Data provided:
________________

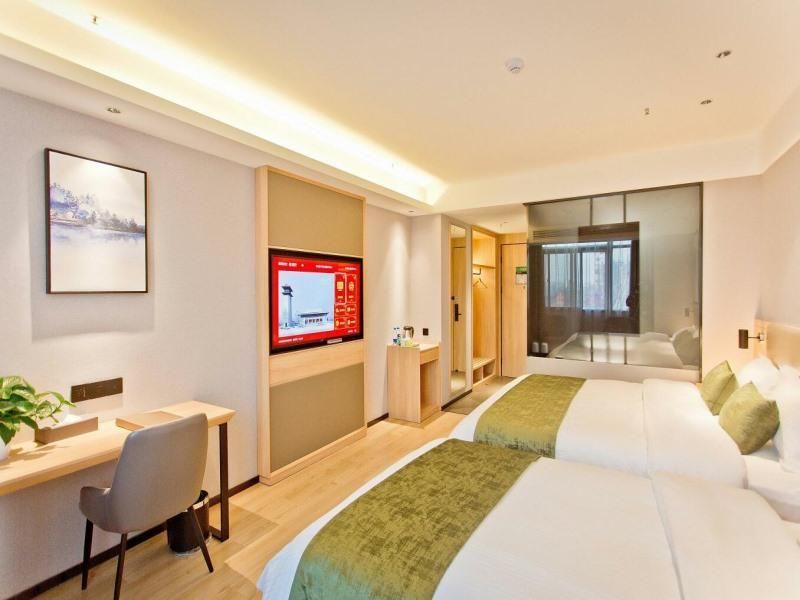 GTI - Guest Room, Chess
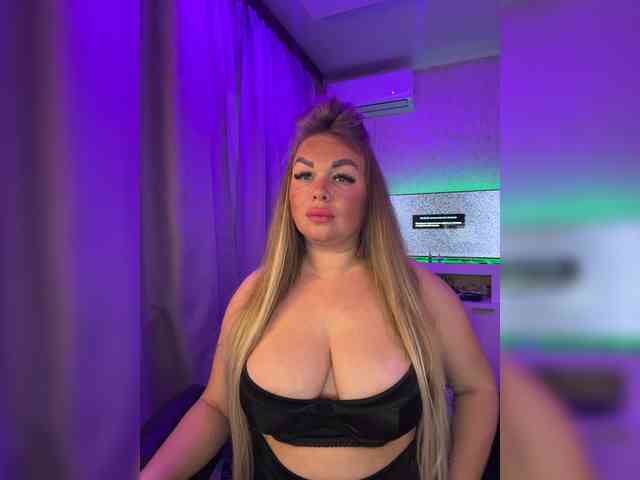 VictoriaFoxxx webcam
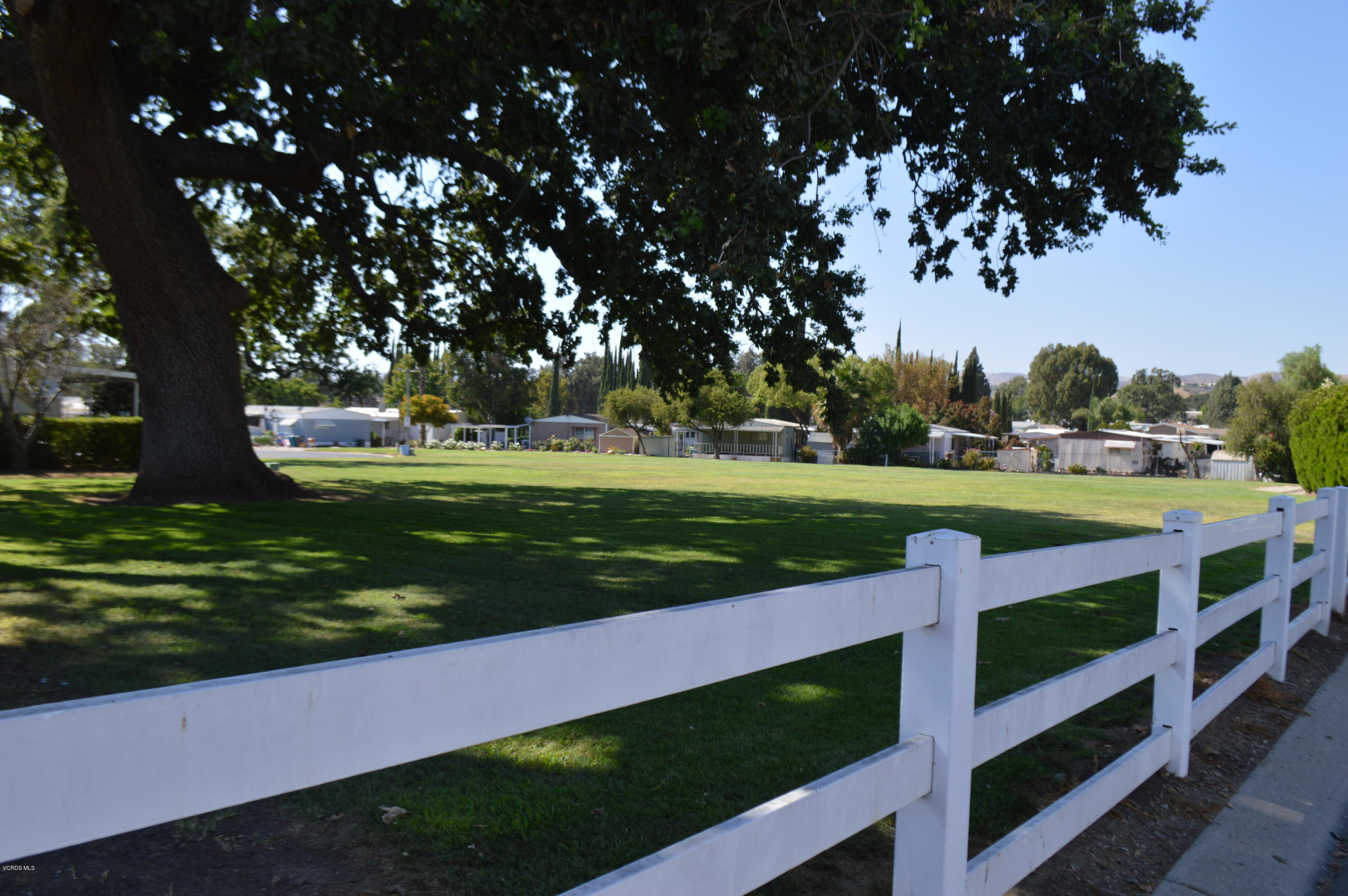 1550 Rory Lane, Unit 223 Simi Valley, CA 93063 - Photo 34 of 36 DSC_0064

________________

Task objective:
Copy exactly, please, the lines that run from the line holding "VictoriaFoxxx webcam" through the closing line of the material above, omitting every picture.

Task response:
 VictoriaFoxxx webcam
 1550 Rory Lane, Unit 223 Simi Valley, CA 93063 - Photo 34 of 36 DSC_0064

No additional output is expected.